HANOI RESOURCE CENTRE

Consumer sovereignty in the framework of social justice, economic equality and environmental balance, within and across borders

Eyeing opportunities in Asean integration

October 10, 2014

– SINGAPORE – Companies regard Indonesia, Myanmar and Vietnam as the best prospects for expansion once ASEAN’s economic integration takes effect next year (2015), according to a new report.

These three nations have long been regarded as the most difficult markets to penetrate but firms hope the ASEAN Economic Community will open new opportunities.

The Boston Consulting Group (BCG) survey found 40 to 50 per cent of the 230 business and government leaders it polled from within and outside ASEAN saying conditions in Indonesia, Myanmar and Vietnam are challenging due to issues such as protectionism and limited infrastructure.

But the three nations are also seen as having attractions such as growing numbers of affluent households and abundant natural resources.

About 19 per cent of respondents expect to expand in Indonesia and Vietnam, while 18 per cent will expand in Myanmar.

South-east Asian companies also expect to ride on regional economic integration to become more global in their outlook.

The survey found that 51 per cent of companies expect to have a strong presence in at least five regional countries in five years, up from 25 per cent now.

Only 14 per cent expect that they will be confined only to their home markets by 2019, down from 21 per cent now.

Many companies are already preparing for the changes ahead by studying ways to improve their services and product offerings.

Multinationals are already working on boosting their understanding of regional markets and looking for ways to adapt their business models to local conditions, said the report.

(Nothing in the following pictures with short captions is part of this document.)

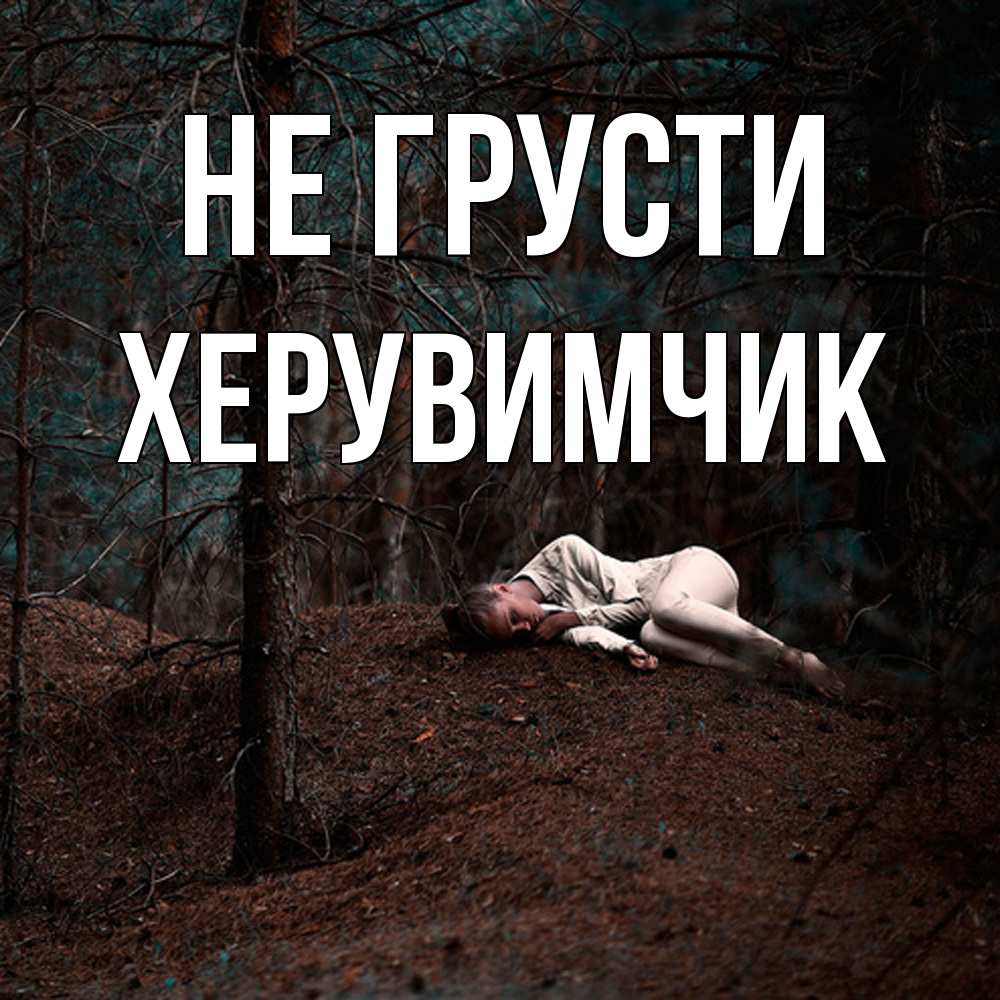 Открытка на каждый день с именем, Хеpувимчик Не грусти лес Прикольная открытка с пожеланием онлайн скачать бесплатно 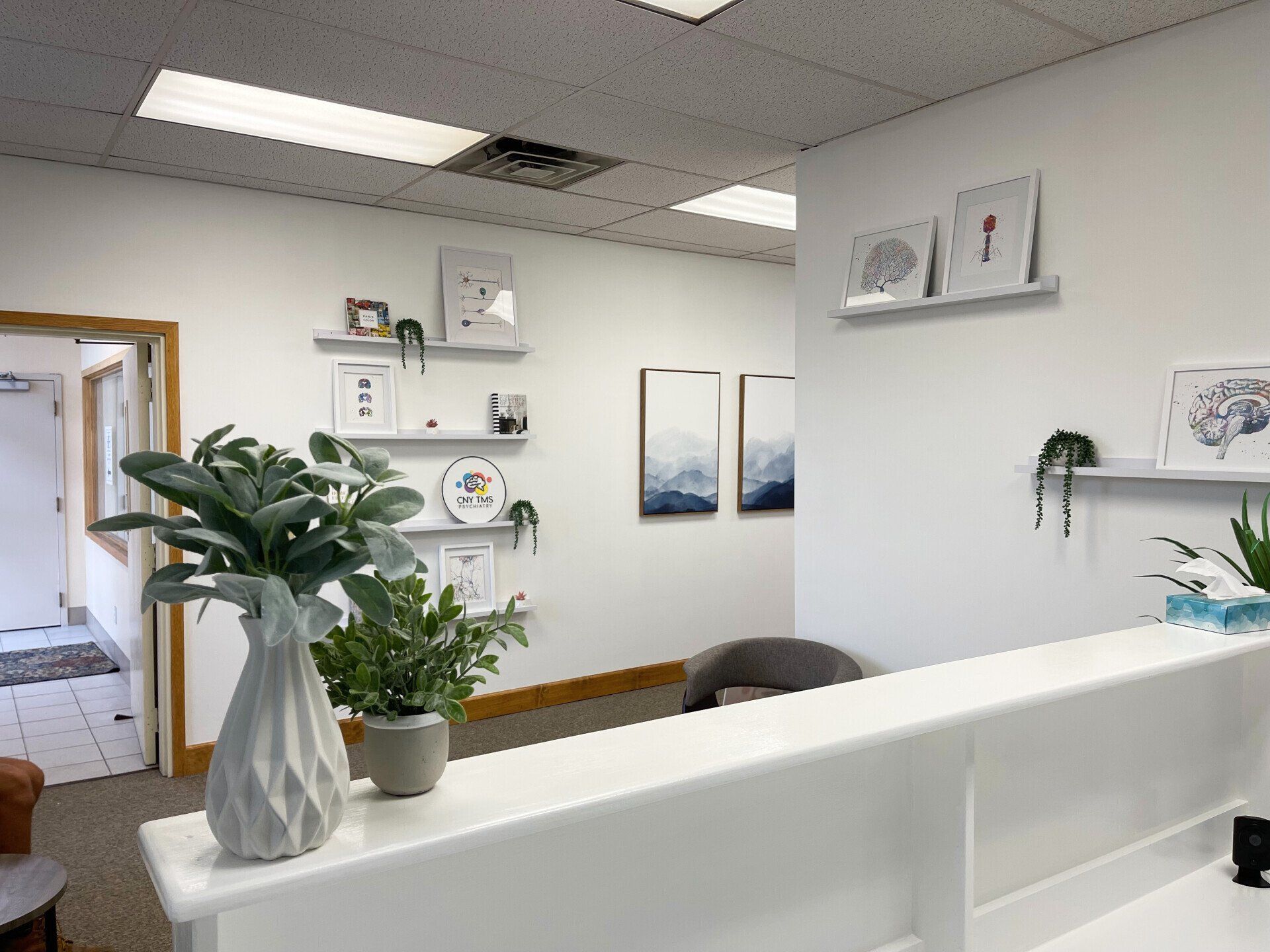 There are two potted plants on the counter in a room.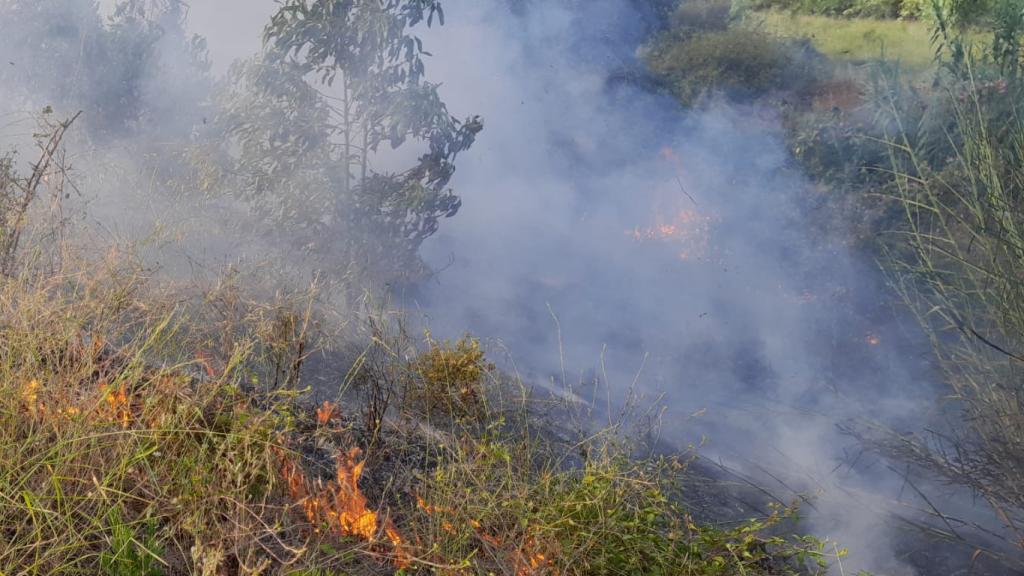 Incendios forestales en Estepona.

Bigger South-east Asian firms are exploring ways to build their capabilities, including recruiting foreign talent and improving their regional supply chains.

“Whether they plan to compete across the region or to just defend their turf, most South-east Asian companies will have to raise their game,” said BCG partner Michael Meyer.

“They will need to upgrade their organisations and acquire new capabilities.”

BCG also noted that some companies in countries like Singapore and Malaysia are gaining a competitive advantage and are more optimistic than their regional peers about integration.

About 90 per cent of companies in the two nations expect to expand regionally over the next five years.

One reason cited was that the governments of Singapore and Malaysia have implemented more measures – tightening intellectual property rights, for example – to help domestic firms stay competitive.

BCG added that companies and governments that actively promote integration will be those most likely to benefit from the free flow of goods, capital and labour envisaged under the ASEAN Economic Community.